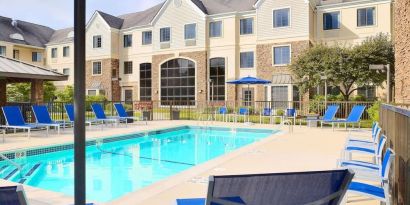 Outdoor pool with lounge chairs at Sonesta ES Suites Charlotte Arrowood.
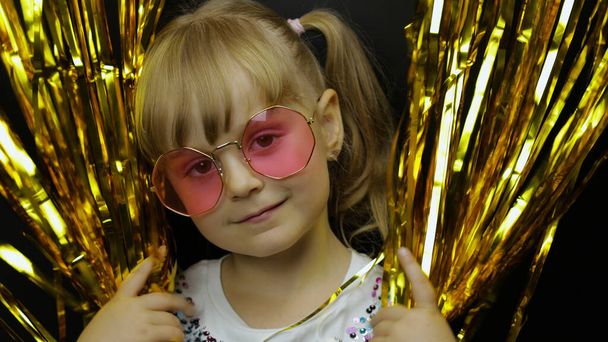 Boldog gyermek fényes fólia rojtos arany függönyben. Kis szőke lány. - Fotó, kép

※ ※ ※

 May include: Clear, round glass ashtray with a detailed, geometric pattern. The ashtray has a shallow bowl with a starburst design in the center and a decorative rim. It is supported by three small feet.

※ ※ ※

### [EXERCISE OBJECTIVE]
Set down exactly the lines above, from the line containing "Outdoor pool with" through the line containing "Boldog gyermek fényes". Skip the pictures.

### [PROBLEM SOLUTION]
 Outdoor pool with lounge chairs at Sonesta ES Suites Charlotte Arrowood.
 Boldog gyermek fényes fólia rojtos arany függönyben. Kis szőke lány. - Fotó, kép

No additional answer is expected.